Using a benefit of the bargain analysis in an insurance HMO case, a court allowed the government to introduce expert testimony explaining the difference between the medical loss ratio of the defendant and other comparable HMOs.6 The government alleged that the defendant sought to exclude pregnant women from its plan, resulting in higher profits to the HMO. Based in part upon the government expert’s comparison of the medical loss ratios, the jury awarded $48 million in damages against the defendant, which the court later trebled as required under the FCA. Notwithstanding the defendant’s attacks on the government’s experts and the methodologies, the court allowed the judgment to stand.

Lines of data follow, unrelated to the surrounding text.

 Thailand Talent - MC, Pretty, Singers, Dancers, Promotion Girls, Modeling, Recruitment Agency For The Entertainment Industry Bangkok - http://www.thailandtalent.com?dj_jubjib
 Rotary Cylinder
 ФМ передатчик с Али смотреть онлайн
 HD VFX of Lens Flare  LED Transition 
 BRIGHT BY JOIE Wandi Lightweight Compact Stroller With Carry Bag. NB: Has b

In some circumstances, however, courts will allow the government to recover the entire contract price even where it did receive a benefit from its bargain. For example, in an older case, a court rejected a defendant’s “no harm, no foul” argument asserted by a physical therapist who submitted Medicare claims using his brother’s name and provider number.7 Although the defendant argued that the patients had received services performed by qualified therapists, the court found that the government had been damaged for the full amount.

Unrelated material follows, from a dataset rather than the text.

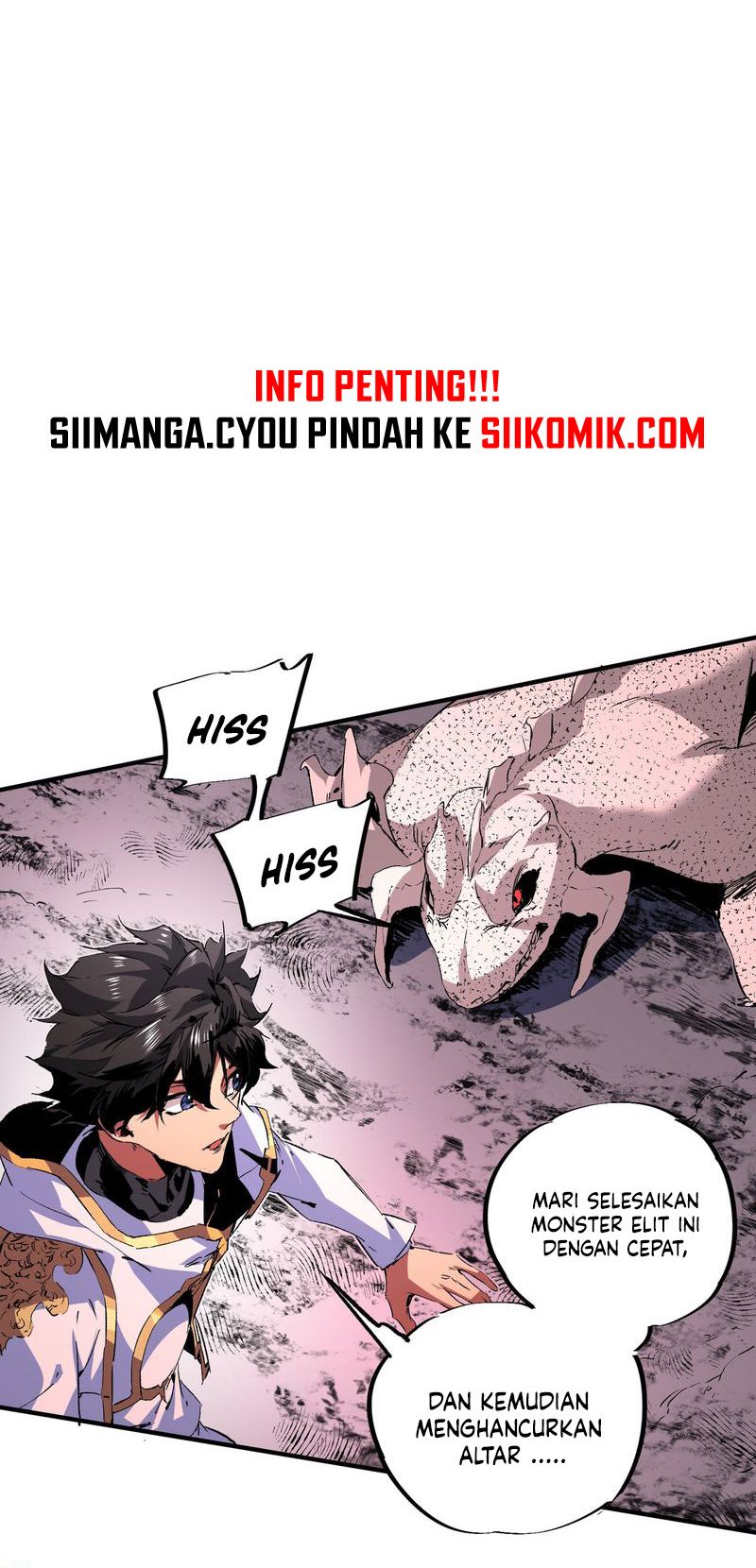 I Am the Shadow Reverend Chapter 04 Gambar 47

In addition to any actual damages that the government may recoup, the FCA also authorizes penalties of between $5,500 and $11,000 per claim. For providers with high claims volume, these penalties can be exorbitant and can often dwarf the government’s actual damages. In bundled services cases, however, the nature of the claims may actually be of some benefit for the providers. Rather than billing for individual service components thereby generating multiple claims, the providers instead submit few actual claims. This is important in potentially reducing (but by no means eliminating) the amount of penalties claimed by the government.
Because the FCA does not include specific damage calculation methodologies, courts will continue to refine their own models, especially as the healthcare reimbursement programs continue to change and evolve. In the face of this ever-changing system, one constant will no doubt remain: the government is laser focused on healthcare fraud, and the resulting damages imposed against providers can be staggering.